Nevertheless, the application of a machine learning method differs from FST in several aspects.
The first is the target population: we applied the predictive model to all patients admitted to the ICU, with the exclusion of patients in need of continuous RRT (CRRT) during the stay, and of those with community-acquired AKI. We obtained excellent results in terms of AUC, positive and negative likelihood ratio when oliguric AKI was considered. On the contrary, the study by Chawla and Koiner applied FST to selected patients with AKIN stage 1 and 2, presence of granular or epithelial cell casts on urine sediment, or FeNa > 1%. In both studies patients were well resuscitated, sufficiently clinically stable and euvolemic.

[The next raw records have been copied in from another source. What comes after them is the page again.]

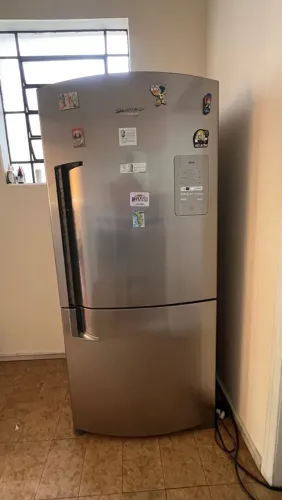 Brastemp inverse inox Geladeira grande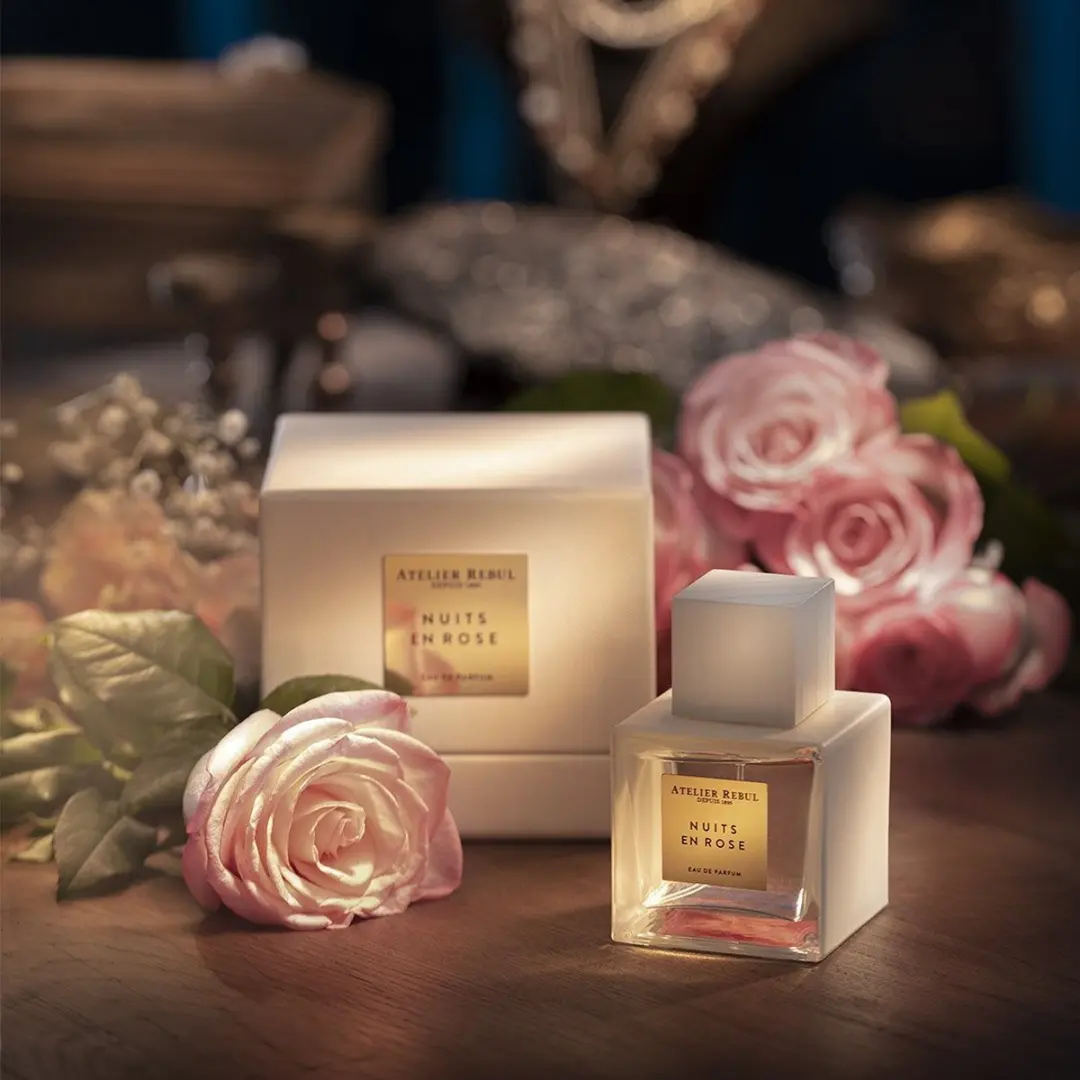 Atelier Rebul Nuits en Rose Damesparfum 100ml - Bloemig & Houtig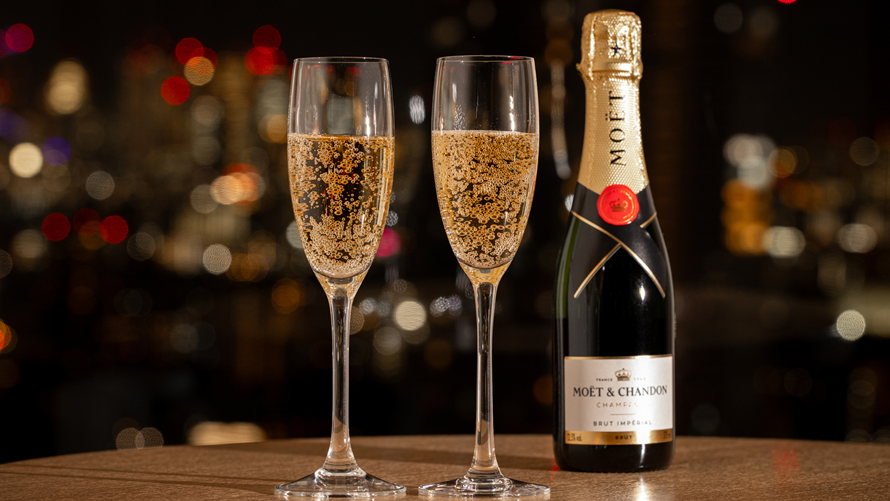 プレミアムナイトビュー＆シャンパン付きステイ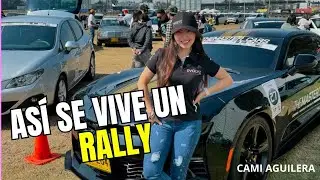 ASI SE VIVE UN RALLY DE REGULARIDAD l 💕Cami Aguilera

The second difference is the moment of AKI prediction and its severity: FST is applied when a patient has AKIN stage 1 and 2 to predict AKI stage 3, including the need for hemodialysis. Our study continuously analyses the urine output in patients without AKI or with AKI stage 1 to predict AKI stage 2 and stage 3, with the exclusion of patients who require dialysis. Patients were included regardless of therapeutic intervention or volume cut-off, during all the ICU stays and by adopting 12-h periods of observation in sliding windows, to predict AKI stage 2 or 3.

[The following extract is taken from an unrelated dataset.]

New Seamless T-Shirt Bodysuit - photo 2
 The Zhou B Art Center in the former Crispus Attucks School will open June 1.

The artificial intelligence that analysed the data, which included urine production to predict AKI events by exploiting the deep learning model, seems to overcome the KDIGO classification of urine output in terms of quantity and time. Actually, the KDIGO classification presented low accuracy in predicting higher stages of AKI development. In our study we have tested a mathematical model, derived from Artificial Intelligence process, which has a high accuracy to predict AKI stage 2/3 future events. In our previous analysis, the highest observed + LR was 5,00 and the lowest –LR was 0,20. As mentioned above, in the present study we used a different database with a different approach towards urine output analysis, and an artificial intelligence application characterized by the deep learning process. Furthermore, by comparing the results with the current study, a + LR equal to 5,00 demonstrated a moderate increase in the probability of a disease, given by a positive test.

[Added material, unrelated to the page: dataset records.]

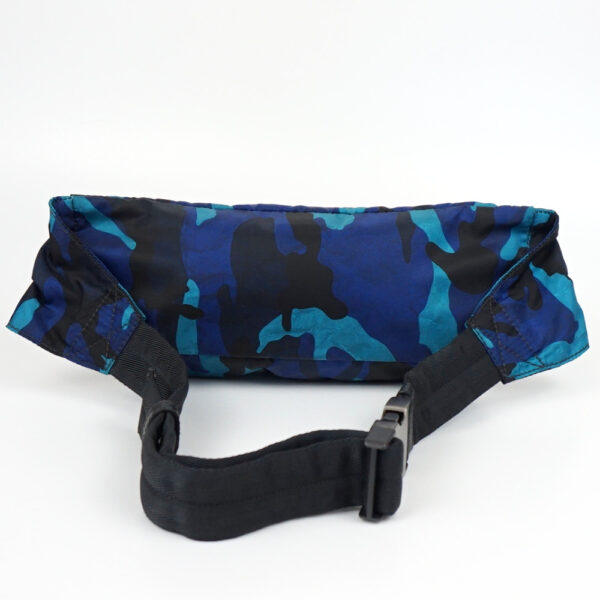 1240002047928 2 Prada Camouflage Waist Bag Blue Black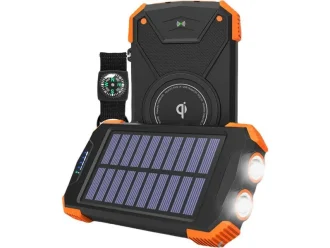 Blavor Solar varavirtalähde aurinkokennolla 10000 mAh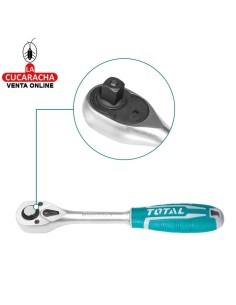 LLAVE CARRACA REVERSIBLE DE 45 DIENTES MODELO THT106.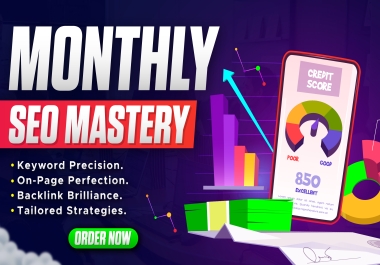 Boost Your Website to Stardom with Monthly SEO Magic - Unveil the Secrets of Success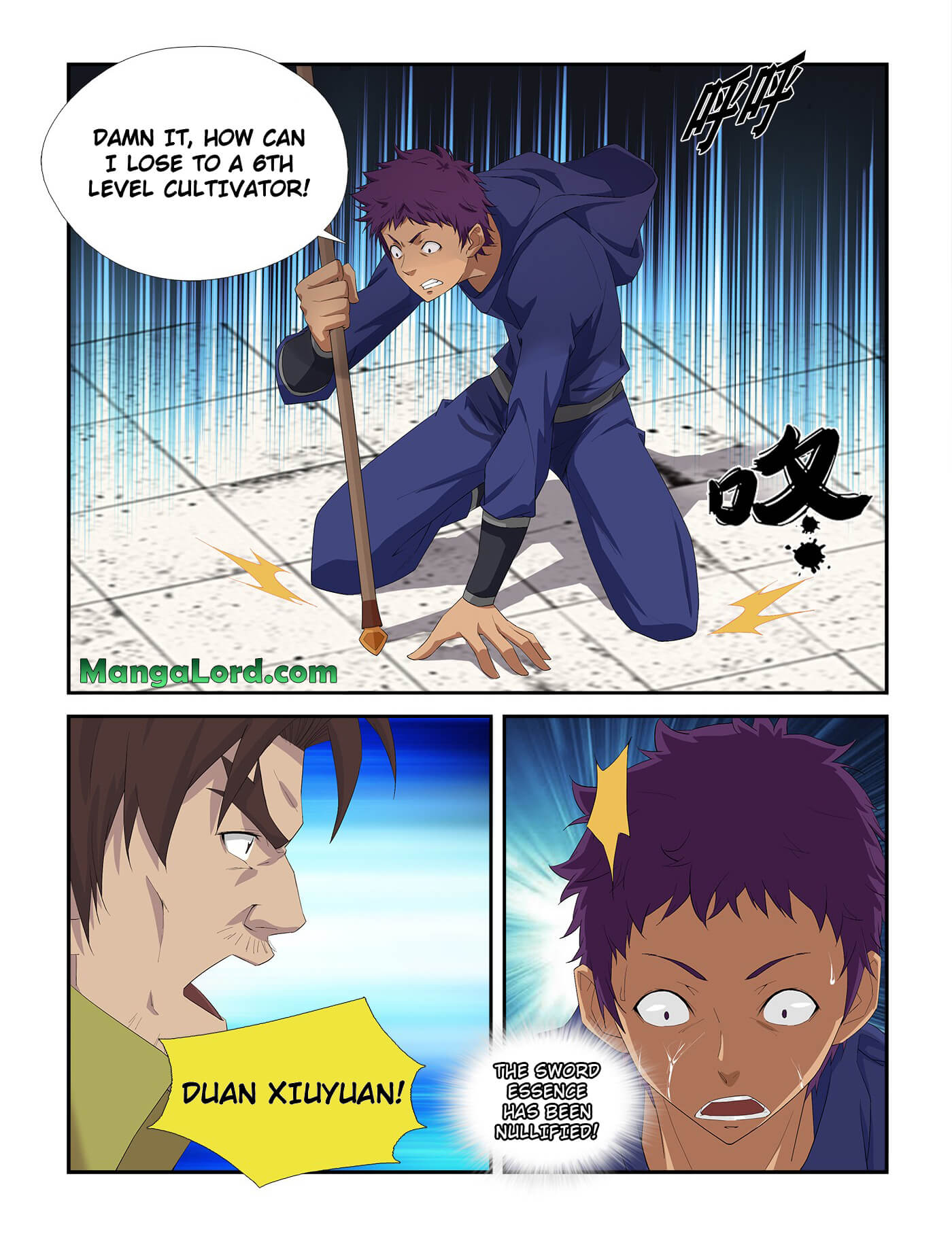 Heaven Defying Sword chapter 234 - page 3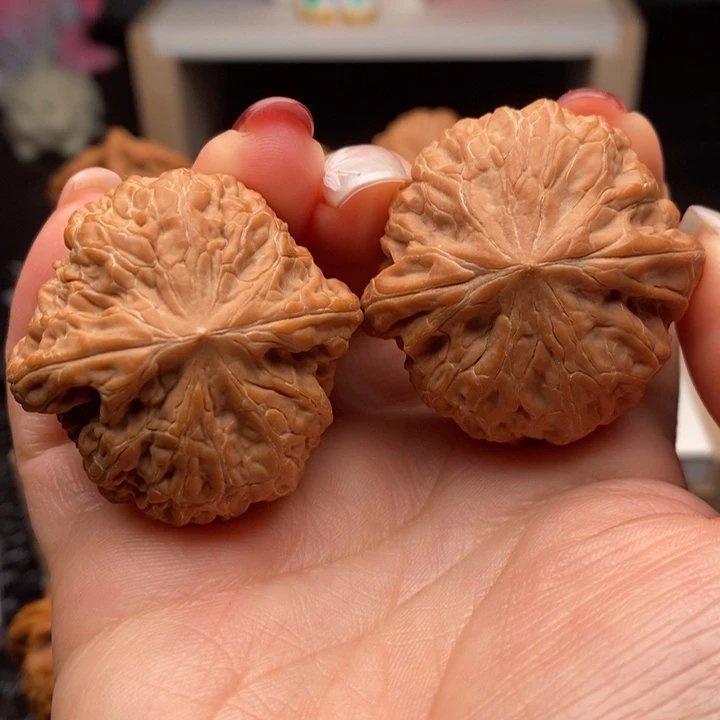 把件文玩核桃铁锤40全品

This study also presents some limitations regarding the design since it relies on a retrospective source of data. Indeed, we documented an important difference between the two databases in terms of frequency of data acquisition that can significantly affect the validity of the analysis. The error in the manual determination of urine output can be estimated at around 20–26% [
21]. Another limiting factor is the usefulness of the information derived from DL analysis on everyday clinical work. For this reason, it appears necessary to develop an observational study in which a precise method of urine output recording is well established. Based on this consideration, we have already designed an observational prospective study which should start soon: all institutions interested in participating can contact our research group for further information and centre enrolment.
Finally, an interventional study designed to compare the use of electonic alarm is needed. It should be based on a highly accurate prediction model, as the one we have provided here, based on the routine clinical procedures of ICU mortality, length of stay or AKI development.